Le risque de passage du clobétasol dans le sang devient rapidement élevé, dès cinquante grammes par semaine d’application. En utilisant des dermocorticoïdes chaque jour comme c’est souvent le cas, les doses mensuelles peuvent atteindre trois cents grammes de crème au clobétasol. Les complications esthétiques sont souvent les premières à être détectées, mais le délai de survenue varie entre chaque personne, allant de trois semaines à dix ans. Ces complications incluent l’atrophie cutanée avec des vergetures larges et nombreuses, des problèmes de peau semblables à une acné, des rosacées, une hyperpilosité, des différences de couleur de peau souvent liées à des infections des follicules pileux (folliculites), etc. Les complications générales sont l’hypertension, le diabète, les infections, l’ostéoporose, la cataracte, etc.

L’hydroquinone, concentrée jusqu’à 20 % !

Un autre type de produit utilisé pour la dépigmentation volontaire sont les dérivés de l’hydroquinone. Utilisée dans l’industrie du caoutchouc, elle est la base du traitement médical topique pour de nombreuses hyperpigmentations pathologiques, généralement à une concentration de 4 à 5 %.

Bien que la vente libre d’hydroquinone dans des cosmétiques éclaircissants ait été autorisée dans divers pays à des concentrations inférieures à 2 %, elle a été interdite en Europe en 2001 puis en 2020 aux États-Unis. Cela n’empêche pas de la retrouver dans de nombreux cosmétiques éclaircissants illicites à des concentrations allant jusqu’à 20 %. Sa présence n’est, d’ailleurs, pas toujours mentionnée.

L’utilisation d’hydroquinone peut provoquer des effets secondaires allant de simples irritations à de l’eczéma ou même à une « ochronose » (destruction des fibres du derme). De petits grains très noirs apparaissent alors sur les zones de la peau exposées à la lumière où l’hydroquinone est appliquée pendant une longue période. Aucun traitement n’existe.

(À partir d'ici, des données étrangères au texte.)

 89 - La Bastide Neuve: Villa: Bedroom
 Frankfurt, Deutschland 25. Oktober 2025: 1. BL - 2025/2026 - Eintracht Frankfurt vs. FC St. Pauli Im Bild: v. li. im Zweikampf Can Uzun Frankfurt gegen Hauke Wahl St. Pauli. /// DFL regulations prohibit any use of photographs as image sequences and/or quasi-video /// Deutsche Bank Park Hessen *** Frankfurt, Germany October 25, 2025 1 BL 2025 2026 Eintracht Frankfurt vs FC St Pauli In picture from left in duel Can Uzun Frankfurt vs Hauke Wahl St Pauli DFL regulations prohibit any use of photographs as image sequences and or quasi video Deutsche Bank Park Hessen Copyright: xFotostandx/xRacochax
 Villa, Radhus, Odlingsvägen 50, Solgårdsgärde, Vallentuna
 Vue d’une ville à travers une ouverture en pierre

De plus, les dermatologues ont très récemment remarqué un risque accru de cancer cutané épidermoïde chez les personnes pratiquant la dépigmentation volontaire avec ce produit.

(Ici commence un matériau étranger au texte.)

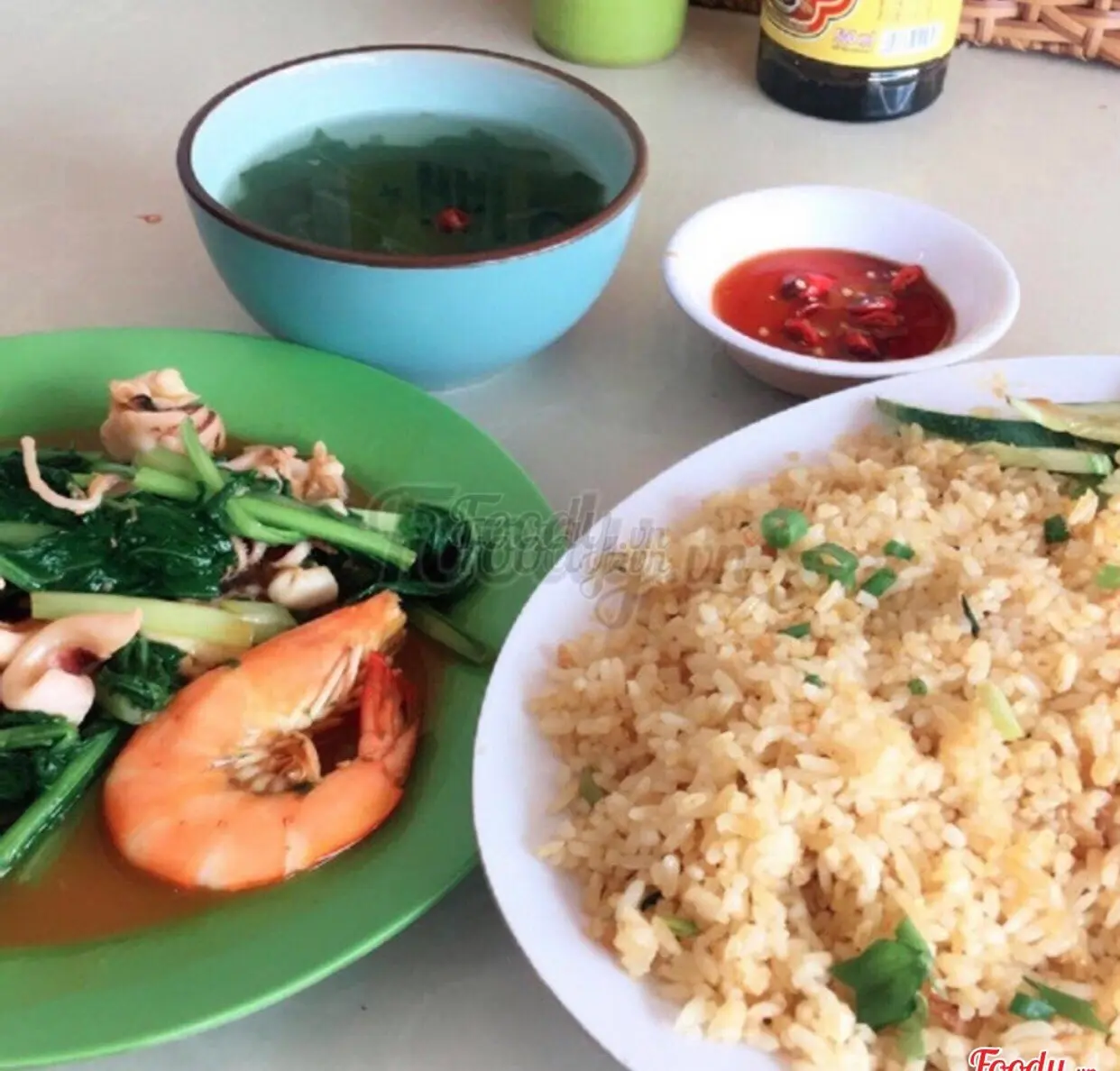 Hình ảnh Cơm Chiên Hải Sản Xào Rau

Métaux lourds et produits ménagers… troubles neurologiques et brûlures assurés

Certains produits dépigmentants, tels que ceux contenant du mercure, sont encore utilisés malgré leur dangerosité. Appliqué sous forme de savons ou de crèmes, le mercure pénètre facilement dans la circulation sanguine. L’intoxication au mercure peut causer des troubles neurologiques graves.

Pour se dépigmenter rapidement, certains utilisent aussi des substances du quotidien, comme le liquide vaisselle, le dentifrice, le défrisant, voire de l’acide de batterie ou le ciment. Résultat : des brûlures, parfois associées à des infections sévères.

« L’arrêt de la dépigmentation volontaire s’avère complexe pour les femmes, qui craignent le retour de leur teint initial, voire une apparence plus sombre ou tachée », observe le Dr Antoine Petit. « Cette appréhension conduit à une sorte de dépendance comportementale, avec des cas extrêmes où des mères dépigmentent même leurs enfants. Les praticiens, qu’ils soient médecins ou dermatologues, se heurtent souvent à des difficultés pour apporter leur aide, car les patients dissimulent fréquemment cette pratique même lorsqu’ils consultent pour des complications liées à la dépigmentation volontaire », ajoute-t-il.